O aviso do Museu Nacional do País de Gales localiza a vista do extremo sudeste de Veneza O trabalho está associado a passeios noturnos de gôndola feitos por Claude e Alice Monet no final de novembro de 1908.

Onde está o quadro hoje?

Pertence às coleções de Amgueddfa Cymru - Museu Nacional do País de Gales e está associado à galeria 16 do Museu Nacional de Cardiff Seu número de inventário é NMW A 2485.

Quais são as dimensões do trabalho?

A tela mede 65,2 cm de altura por 92,4 cm de largura Esta é uma pintura a óleo sobre tela em formato horizontal.

Por que a igreja parece quase negra?

Monet coloca uma massa de roxos, azuis e vermelhos resfriados na frente de um céu laranja O contraste em valor e temperatura produz uma silhueta muito escura, sem exigir preto uniforme.

Monet pintou várias versões de San Giorgio?

Sim.
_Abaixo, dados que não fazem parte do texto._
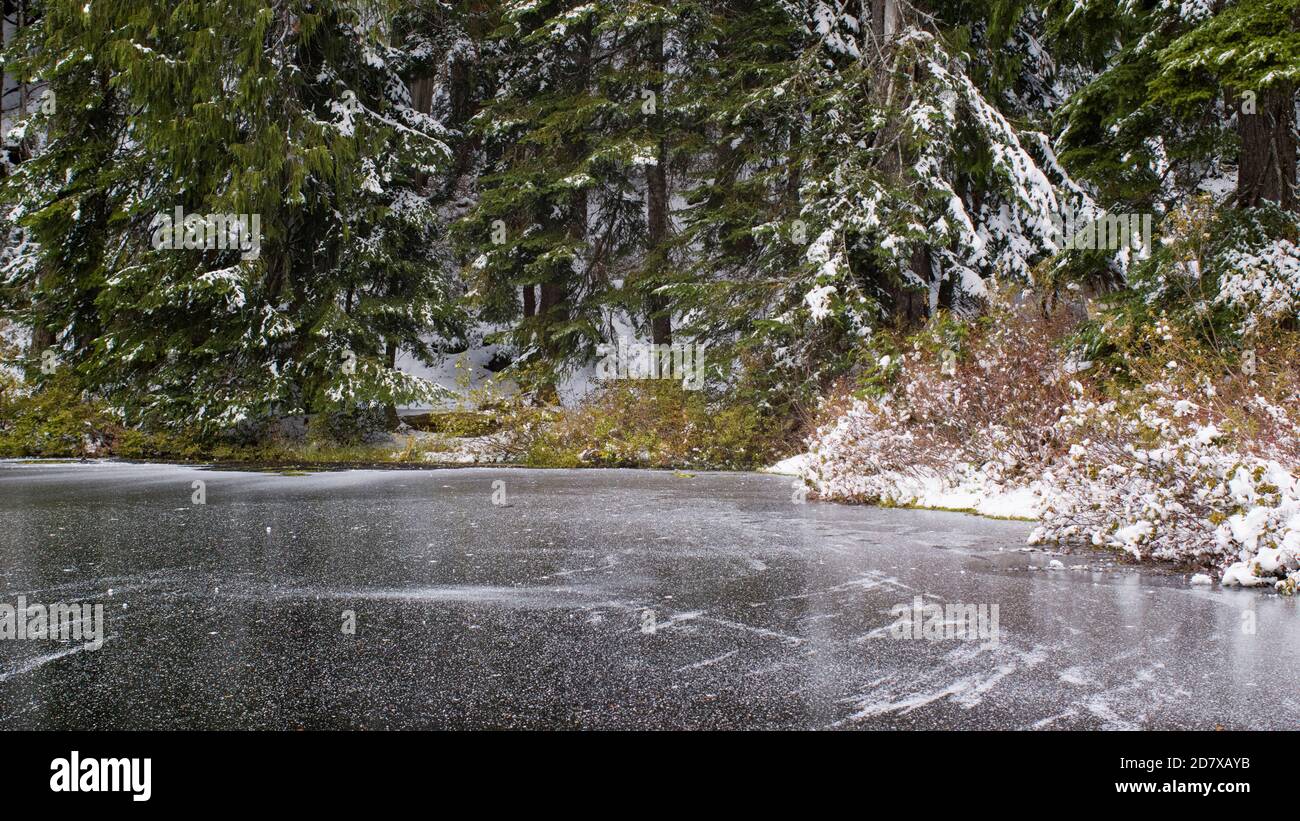 Frozen lake sorrounded by green trees. Stock Photo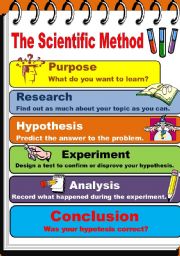 English Worksheet: The Scientific Method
Ele assume a ilha e a basílica em várias luzes e de diferentes pontos de vista O Museu Nacional do País de Gales também mantém uma versão mais leve pintada do Britannia Hotel.

Quantas pinturas venezianas foram exibidas em 1912?
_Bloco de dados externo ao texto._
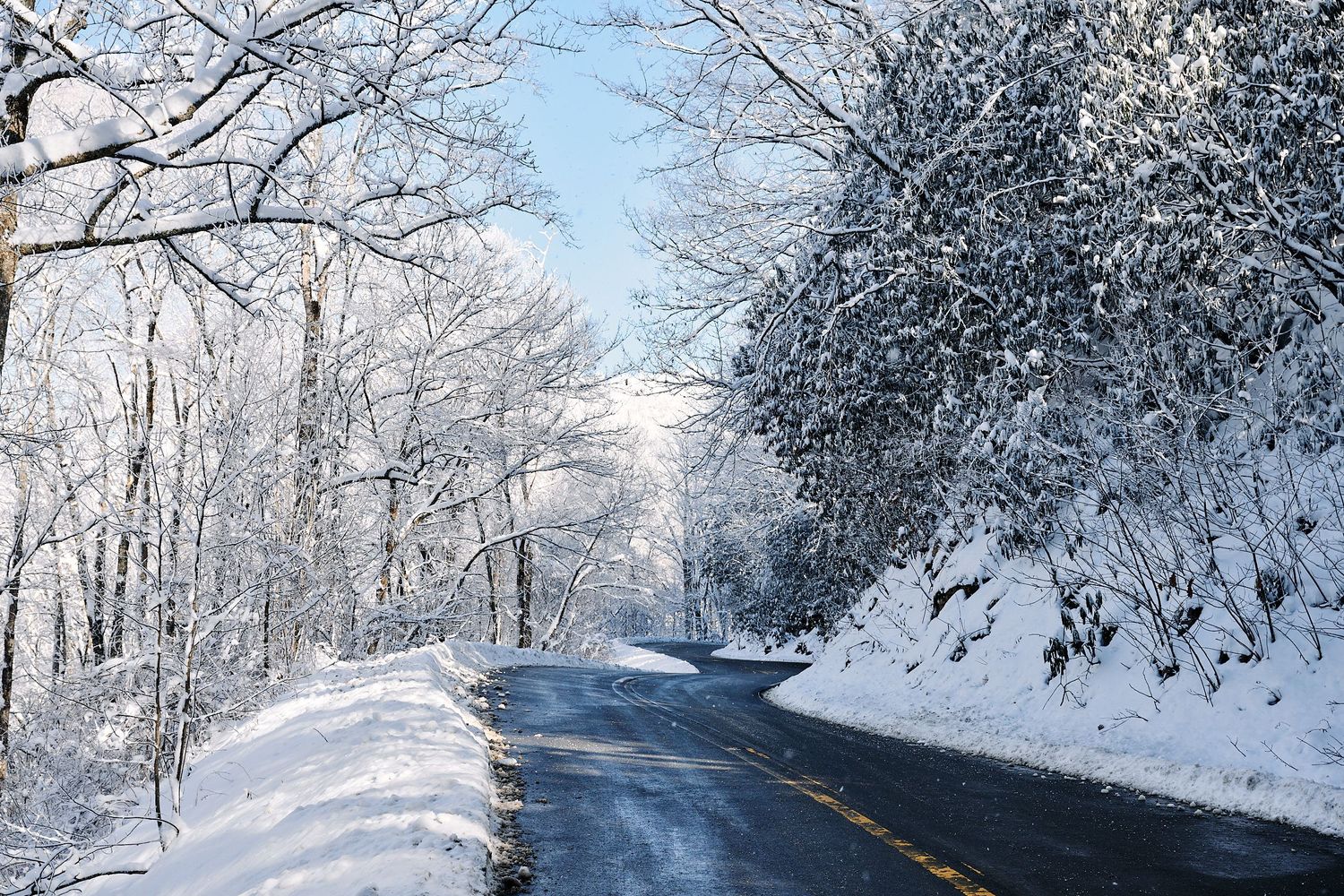 Snow-covered trees lining a winding road through a peaceful winter landscape on a clear sunny day.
Vinte e nove vistas de Veneza foram apresentadas na primavera de 1912 na galeria Bernheim-Jeune, em Paris Monet tinha mantido e retrabalhado as pinturas por vários anos após seu retorno.

Quem comprou São Jorge Maior ao anoitecer?

Gwendoline Davies adquiriu-o em 1912 no contexto direto da exposição parisiense O Museu Galês indica um prêmio de 1.000 libras A obra então entrou nas coleções nacionais por legado em 1952.

Por que esta pintura é considerada moderna?

Porque o monumento não é mais descrito como um objeto estável Torna-se uma massa colorida presa entre o céu e seu reflexo O reconhecimento do lugar permanece, mas a percepção da luz domina a topografia.